Letters: Correspondence

 Dear Sirs,

Could you please answer these questions below, in order to clear up a great deal of misunderstanding?

   1.When is the value of a commodity determined?
   2.Can additional value be added to the commodity in the process of distribution?
   3.Has distribution any determining factor in the value of a commodity?

Sid Felperin

 A commodity is a useful article produced for exchange. It is the result of the application of human energy to the material provided by nature. Its value {a social relation) depends upon the amount of labour required to reproduce such an article in a given society under certain given physical and social conditions.

 All the labour necessary to obtain the raw material, work it up into the product required for consumption, and transport it to the point where such products are necessary for consumption, adds value. Coal produced for the needs of London is of greater value in London than in, say, Newcastle, its source of production. But labour used up in transporting coal from its source in Newcastle to London and then back to Newcastle for consumption would add no value to the coal.

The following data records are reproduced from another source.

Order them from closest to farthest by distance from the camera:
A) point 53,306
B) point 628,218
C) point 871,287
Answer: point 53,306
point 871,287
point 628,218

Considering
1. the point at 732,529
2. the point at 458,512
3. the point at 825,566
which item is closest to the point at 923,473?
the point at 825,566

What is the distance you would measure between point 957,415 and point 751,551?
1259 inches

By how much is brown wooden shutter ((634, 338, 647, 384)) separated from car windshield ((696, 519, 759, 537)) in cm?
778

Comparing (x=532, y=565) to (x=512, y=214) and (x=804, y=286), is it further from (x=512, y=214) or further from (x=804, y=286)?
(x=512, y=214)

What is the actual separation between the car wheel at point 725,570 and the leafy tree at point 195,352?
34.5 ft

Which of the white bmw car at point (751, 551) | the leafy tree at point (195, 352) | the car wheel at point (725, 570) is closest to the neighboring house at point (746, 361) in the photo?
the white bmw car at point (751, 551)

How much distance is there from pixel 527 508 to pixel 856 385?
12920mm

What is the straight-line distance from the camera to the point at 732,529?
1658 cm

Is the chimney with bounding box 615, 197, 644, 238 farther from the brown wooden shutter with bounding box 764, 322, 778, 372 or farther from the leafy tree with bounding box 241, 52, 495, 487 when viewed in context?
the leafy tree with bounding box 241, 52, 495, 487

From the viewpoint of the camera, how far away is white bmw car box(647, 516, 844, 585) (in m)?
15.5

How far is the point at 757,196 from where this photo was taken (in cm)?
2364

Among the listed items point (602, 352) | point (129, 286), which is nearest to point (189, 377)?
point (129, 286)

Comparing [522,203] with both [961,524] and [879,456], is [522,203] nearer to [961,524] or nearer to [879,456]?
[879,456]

 Articles so produced are bought and sold upon the market. The market is the sphere of the circulation of commodities. In this circulating process no value is added to the product. The necessary storing, accounting, advertising and such matter are expenses of circulation but do not increase the value of articles as they come upon the market with their values already determined.

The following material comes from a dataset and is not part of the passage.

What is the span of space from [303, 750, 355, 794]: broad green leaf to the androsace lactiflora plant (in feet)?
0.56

 The fact that some articles sell above and others below their values, and that here and there one capitalist may gain an advantage over another are matters we cannot enter into here, but they do not affect the general position that the value of an article depends upon its cost of reproduction in human energy.

 Expenses of circulation such as those mentioned above are generally included under the heading, “Overhead Expenses” by capitalist concerns. Such expenses are paid out of the surplus value obtained in production.

 The above brief explanation will clear the way for the answers to our questioner.

 The value of an article is already determined when it comes upon the market for sale. The subsequent expenses of circulation are not productive expenses, and hence not value producing.

 If by “distribution” is meant the transport of an article from its source of production to the place where consumption requires it, then value is added in such distribution. But if by “distribution” is meant the transport of articles to a spot where it is more profitable to dispose of them, then no value is added in such distribution. In the latter case the question is one of circulation which has already been dealt with.

The answer to the third question is contained in the answer to the first and second.